Aynı konuyu irdeleyen Passauer Neue Presse gazetesi ise azil süreci nedeniyle Demokratlar'ın tüm dünyaya örnek olacak bir tavır içinde olduğunu ifade ediyor:

"Trump'a karşı bu azil sürecinin değeri, tehlikeli bir siyaset palyaçosunu görevini kötüye kullandığı için görevden almakla ölçülmez. Spot ışıkları altındaki bu sürecin asıl mantığı, Amerikan halkına ve uluslararası devletler topluluğuna demokrasinin gerçekte nasıl işlediğini göstermesinde yatıyor. Son Trump taraftarı ya da diğer popülist şovmenlerin destekçileri de hiç kimsenin yasaların üstünde yer alamayacağını anladığı anda yapılan tüm bu uğraşlar karşılığını bulmuş demektir. Amerikalı Demokratlar'a şapka çıkarmak gerek. Onlar, demokrasi tüm dünyada büyük bir saldırı ile karşı karşıya olduğu için, ehemniyeti çok büyük bir iş yapıyor."

Rusya Devlet Başkanı Vladimir Putin, geleneksel yıl sonu basın toplantısında yine pek çok önemli konuya değindi. Frankfurter Rundschau gazetesi de konuyla ilgili yorumunda, Putin'in şahsi geleceğine ilişkin söylediklerini yorumluyor:

"Rusya Devlet Başkanı Vladimir Putin, çok da heyecan verici olmayan sahne performansının bir yerinde, dolaylı da olsa sansasyonel bir ifade de bulundu. Rusya Anayasası'ndan 'art arda' kavramının çıkarılabileceğinin dile getirdi. Bu kavram ülkede devlet başkanlarının art arda iki dönemden fazla görevde bulunmasını engelliyor. Ayrıca Putin, çerçevesi yine anayasayla çizilen devlet başkanı ile hükümet arasındaki yetki paylaşımının gözden geçirilebileceğini belirtti. Bu da devlet başkanının yetkilerinin başbakan lehine azaltılması anlamına gelebilir. Putin'in, 2024 yılında yeniden başbakanlığa soyunacağı, Moskova'da uzun zamandır dilden dile dolaşan bir söylenti. Dimitri Medvedev de bir kez daha, Putin'den boşalacak başkanlık koltuğuna oturabilir. Yani Putin emekli olmuyor. Bunun için de önce politik sistem üzerinde öyle bir oynamak gerek ki, Putin hükümetin başı sıfatıyla da her zaman olduğu gibi, Rusya'nın güçlü adamı olarak varlığını sürdürebilsin."

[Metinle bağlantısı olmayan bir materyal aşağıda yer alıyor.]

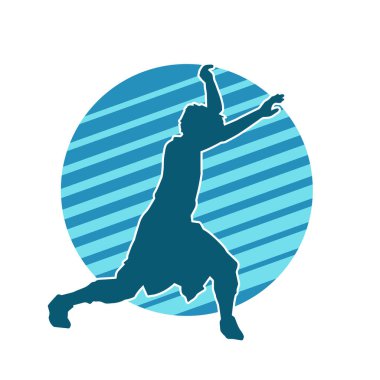 Hareket halindeki bir erkek dansçının silueti. Dans eden zayıf bir adamın silueti..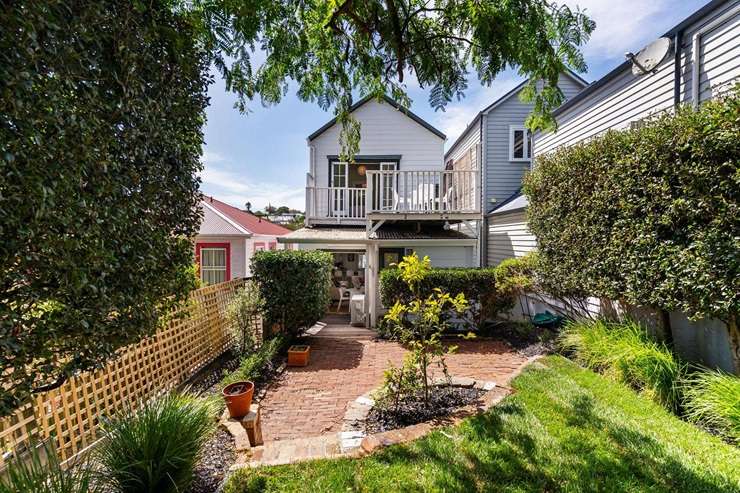 The three-bedroom villa for sale at 127 John Street, in Auckland's Ponsonby. It is heading to auction with a declared reserve of under <img.3m. Photo / Supplied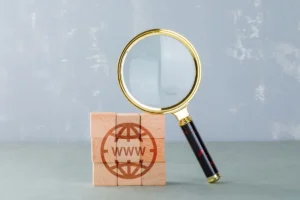 Conceptual internet search with wooden blocks with internet icon magnifying glass side view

Almanya'da güçlü muhalefet partilerinden Yeşiller, endüstriyel hayvancılık da karbondioksit salınımına neden olduğu için et, süt, tereyağ ve benzeri hayvansal gıdaların, getirilecek bir karbondioksit vergisi ile daha pahalıya satılmasını talep eden bir tasarı hazırladı. Münchner Merkur gazetesi yorumunda, bu tasarıya sosyal olmadığı gerekçesiyle karşı çıkıyor:

"Vatandaşları yasal zorunlulukla perhize sokmak gerçekten siyasilerin ve halk pedagoglarının görevi midir? Şayet hayvanların doğalarına daha uygun şartlar altında yaşamaları bu sayede mümkün olsaydı, soruya kalpten 'evet' diyerek yanıt verilebilirdi. Ancak ete ve tereyağına getirilecek bir vergi bunu sağlamayacak. Muhtemelen bu paralar da obur devletin dişleri tarafından çiğnenip gidecek. Hayvansal gıdalara özel vergi getirmenin bir anlamı olabilir sadece: Maddi durumu yeterince iyi olanların gelecekte de kemer sıkmasına gerek yok. Bedeli, gelirlerinin hissedilebilir bir kısmını beslenmeye ayırmak zorunda olanlar üstlenecek. Yeşiller, 'feragat'tan söz ederken bunu mu kastediyor?"